De veroordeelde is tot een leerstraf van 40 uur veroordeeld; net één uur meer dan de grens waarbij in beginsel wordt uitgegaan van disproportionaliteit.
Verder neemt de rechtbank met betrekking tot de straf die aan de veroordeelde is opgelegd in aanmerking dat aan hem geen (deels) voorwaardelijke straf is opgelegd, waaruit de rechtbank afleidt dat de kinderrechter het recidiverisico niet dusdanig groot heeft geacht dat een stok achter de deur voor de veroordeelde nodig was.
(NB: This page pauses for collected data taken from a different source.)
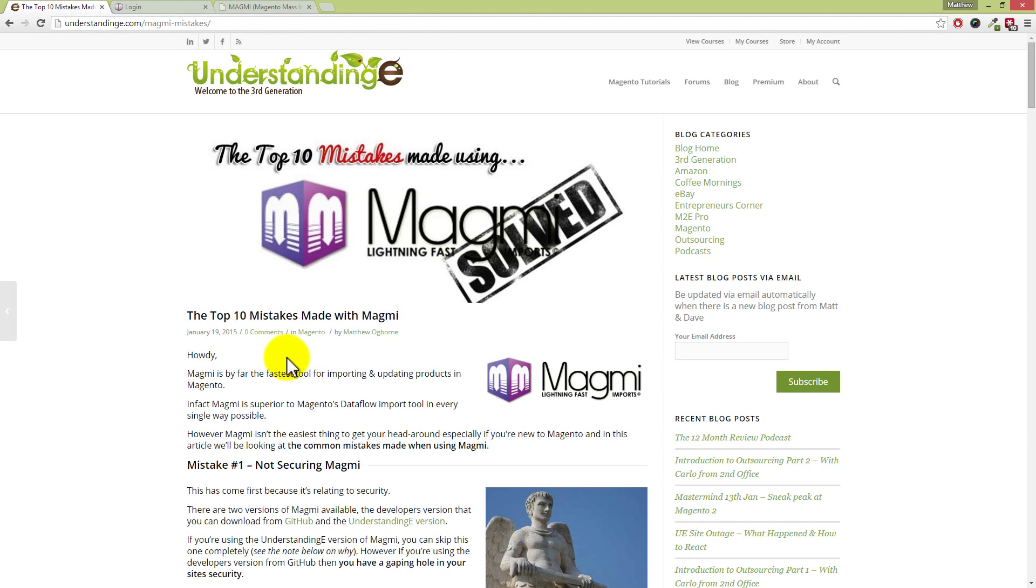Hi, I'm Matt and I'm Dave, and in this quick video we're going to be looking at the top 10 mistakes which people make when using Magmi.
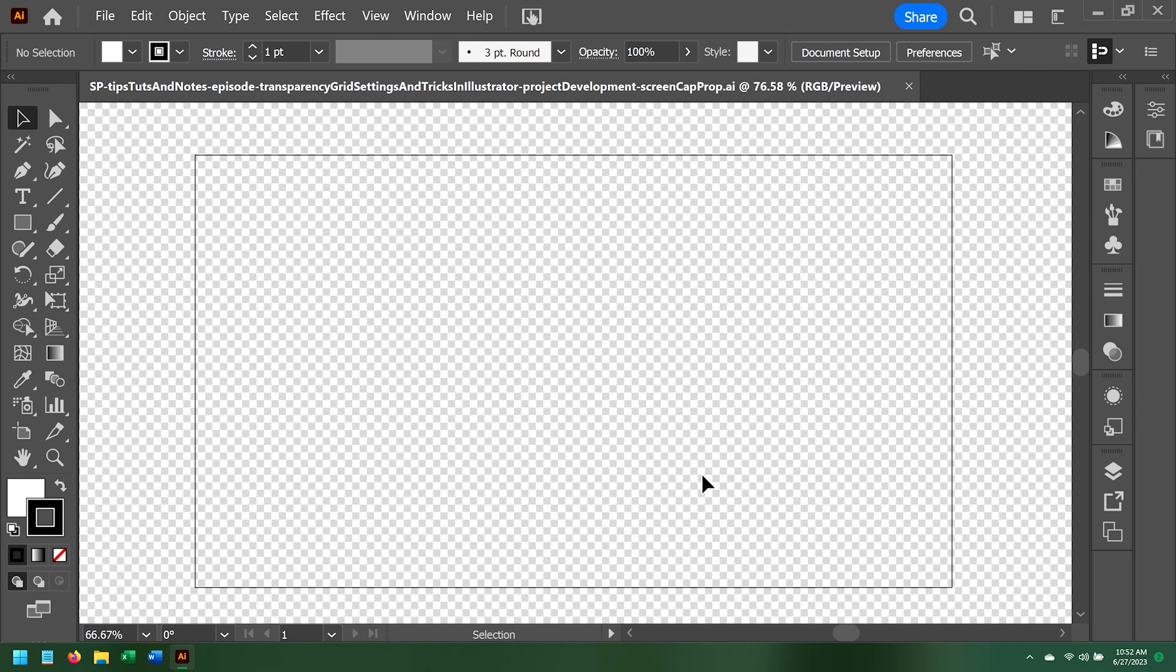This video is about personalizing the transparency grid in Adobe Illustrator. Particularly, I'm going to demonstrate how to create a completely black transparent background.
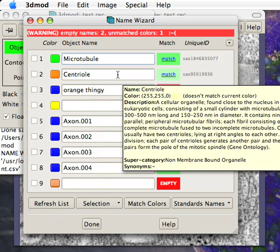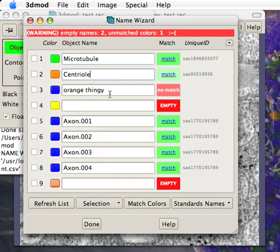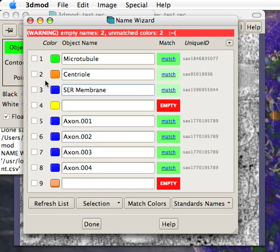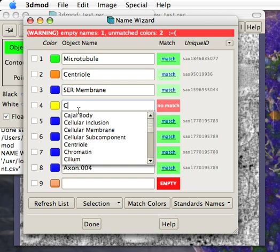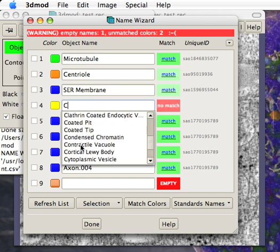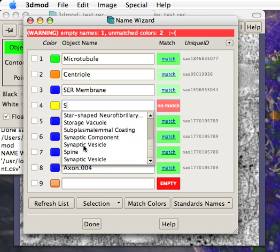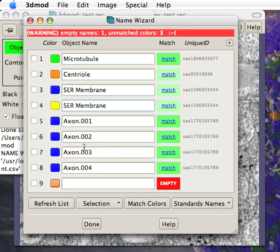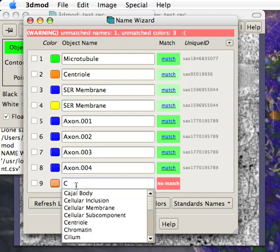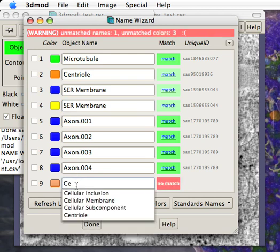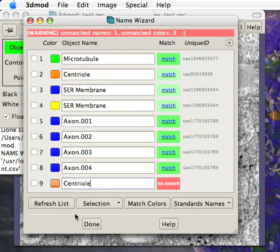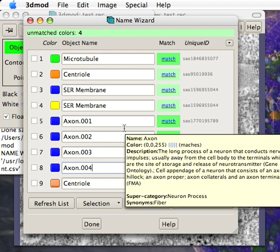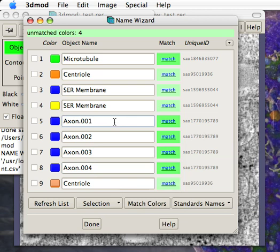The power of this is it lets us quickly change names. Here I'm just going to start typing and you can see autocomplete. Let's name this the SER membrane. Here I'll make another centriole object. You see this thing's turned green. So interactively it shows us what matches to proper names.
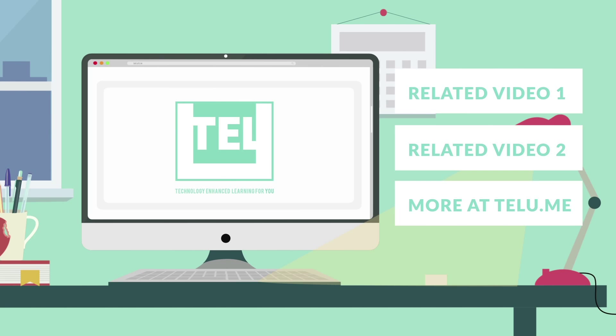These services also typically retain older versions of documents to ensure nothing is lost. This is useful for gaining an overview of how students' work has developed over time.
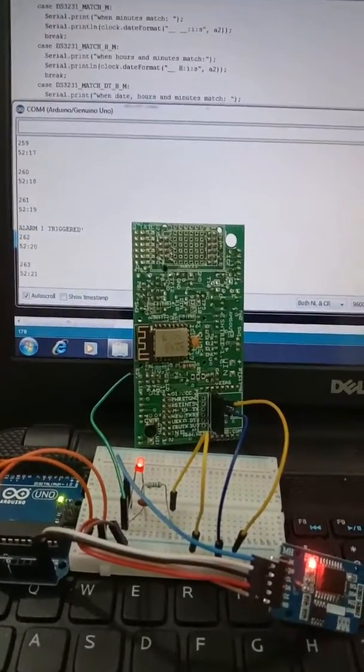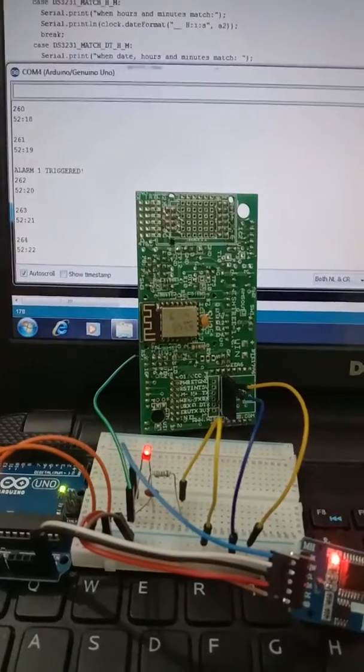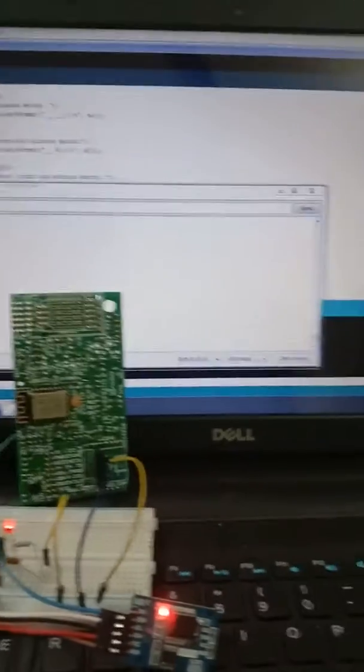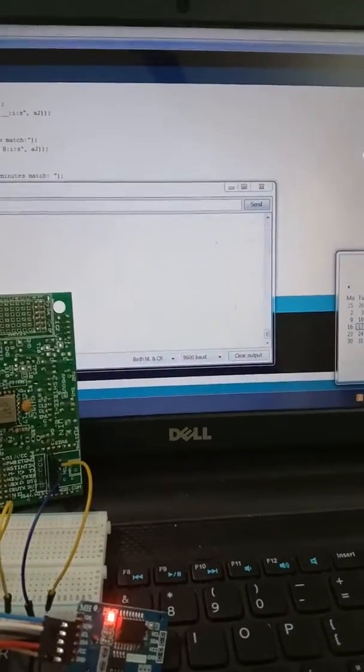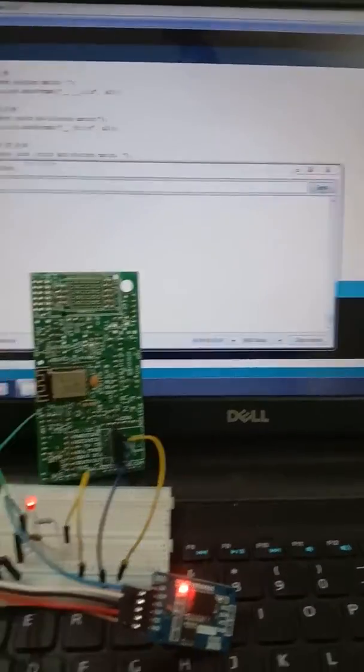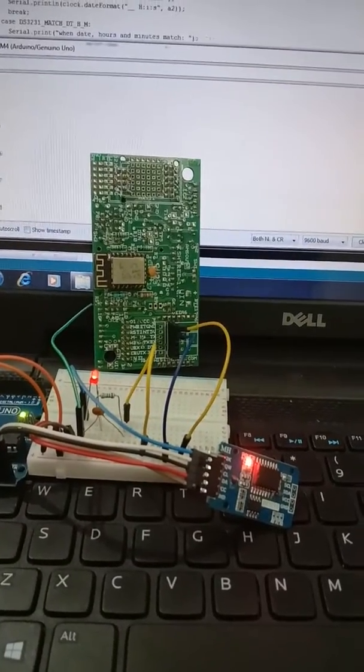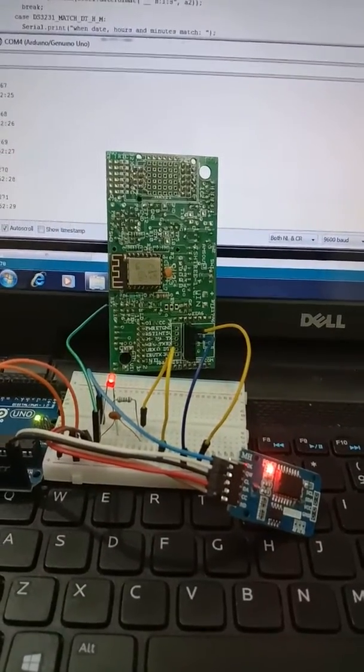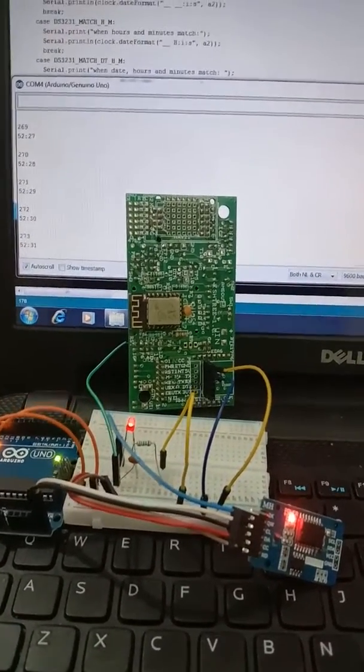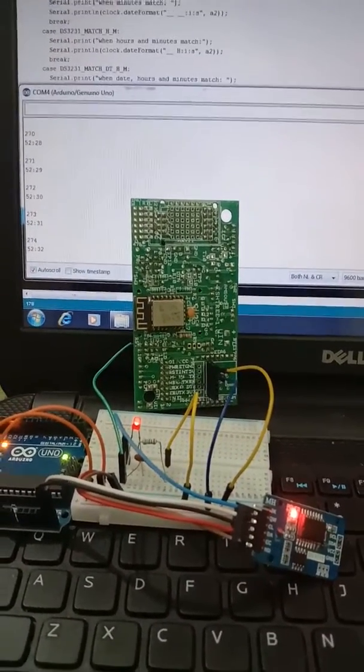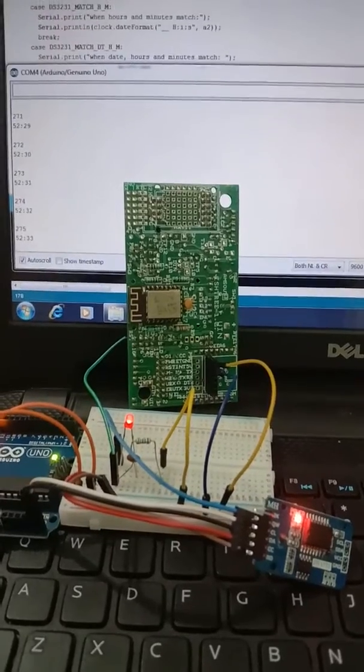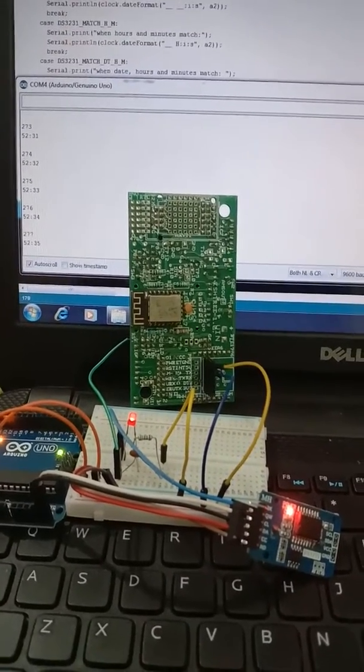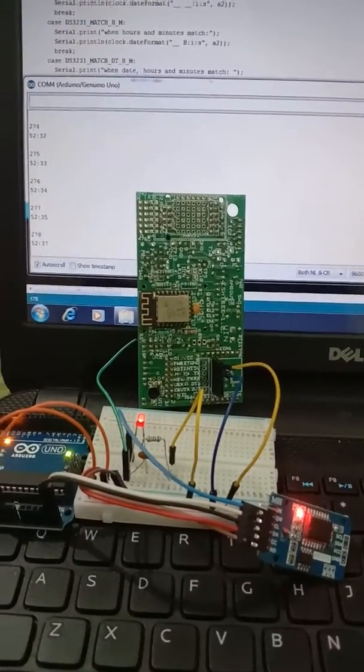It reset at every 20th second. You can see this red light is connected to the square wave pin of DS3231, and there is an alarm set at every 20th second which is resetting the ESP. This green wire is going to the reset pin of ESP.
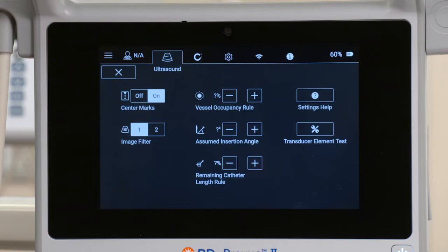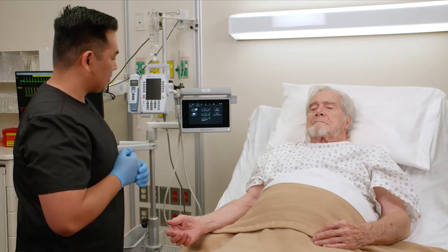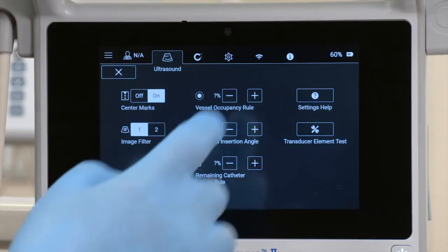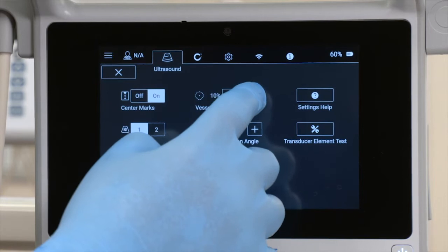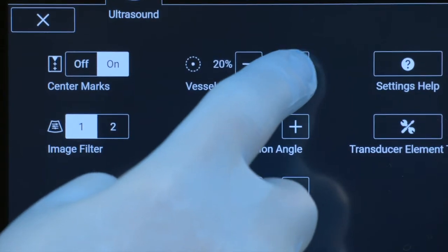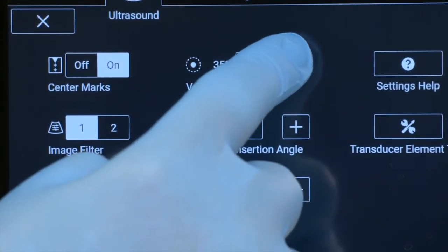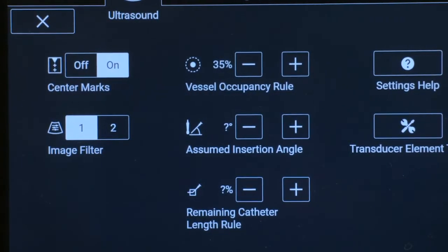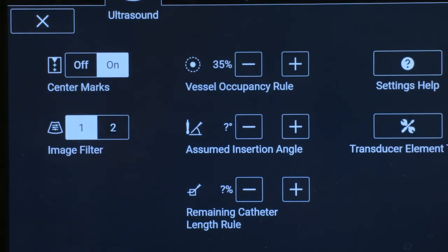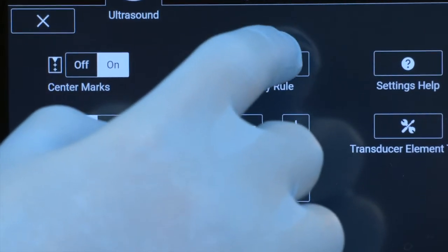For example, according to 2021 INS guidelines, catheters should occupy less than 45% of the diameter of the vessel it inhabits. The Evaluate Veins screen will indicate the maximum gauge size for the selected vessel that complies with the vessel occupancy rule.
*Veroordeelde is na het plegen van de bewezenverklaarde feiten, nu één jaar later, niet meer met politie en justitie in aanraking gekomen.
Al deze zojuist uiteengezette bijzondere omstandigheden tezamen en in onderling verband in overweging nemende, is de rechtbank van oordeel dat in de zaak van de veroordeelde opname van het DNA-profiel in de DNA-databank disproportioneel is, hetgeen betekent dat er sprake is van een uitzonderingssituatie als bedoeld in in artikel 2, eerste lid, onder b, van de Wet DNA

Beslissing

De rechtbank verklaart het bezwaar gegrond en beveelt dat de officier van justitie ervoor zorg draagt dat het celmateriaal terstond wordt vernietigd.
Deze beslissing is gegeven door
mr. C.P.E. Meewisse, rechter,
in tegenwoordigheid van mr. S.M. Zoetelief, griffier,
en in het openbaar uitgesproken op 28 mei 2025.
Tegen deze beslissing staat geen rechtsmiddel open.